------ AVAILABLE RECORDS ------

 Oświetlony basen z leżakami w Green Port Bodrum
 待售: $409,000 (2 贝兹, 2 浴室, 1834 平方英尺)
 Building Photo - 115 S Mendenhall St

------
------ AVAILABLE RECORDS ------

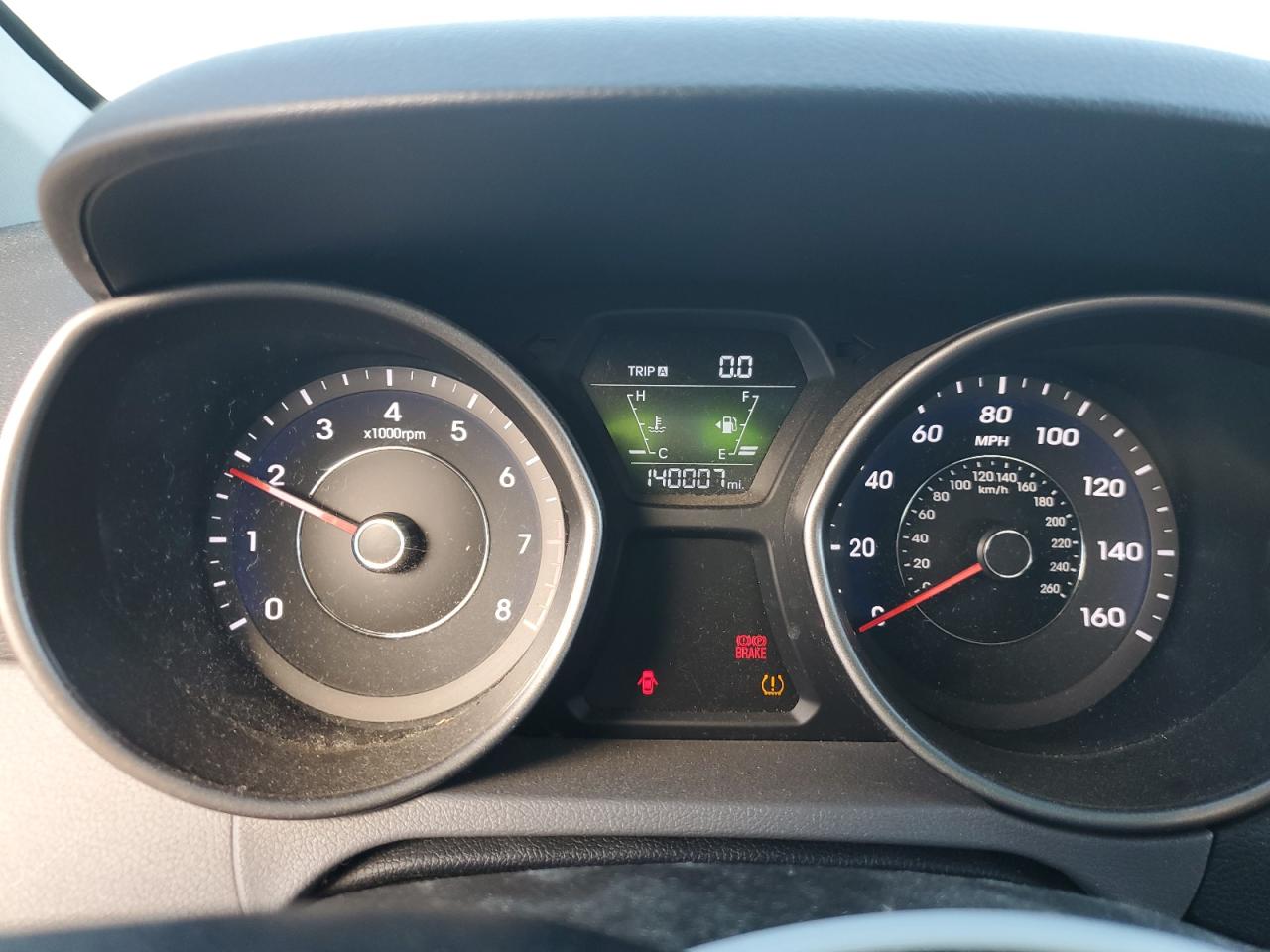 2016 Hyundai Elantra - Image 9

------

ASSIGNMENT: Could you reproduce, exactly, every line above from the line with "Oświetlony basen z" to the line with "Building Photo - 115 S Mendenhall St", and no other line? Both ends count.

RESULT FOR THIS TASK:
 Oświetlony basen z leżakami w Green Port Bodrum
 待售: $409,000 (2 贝兹, 2 浴室, 1834 平方英尺)
 Building Photo - 115 S Mendenhall St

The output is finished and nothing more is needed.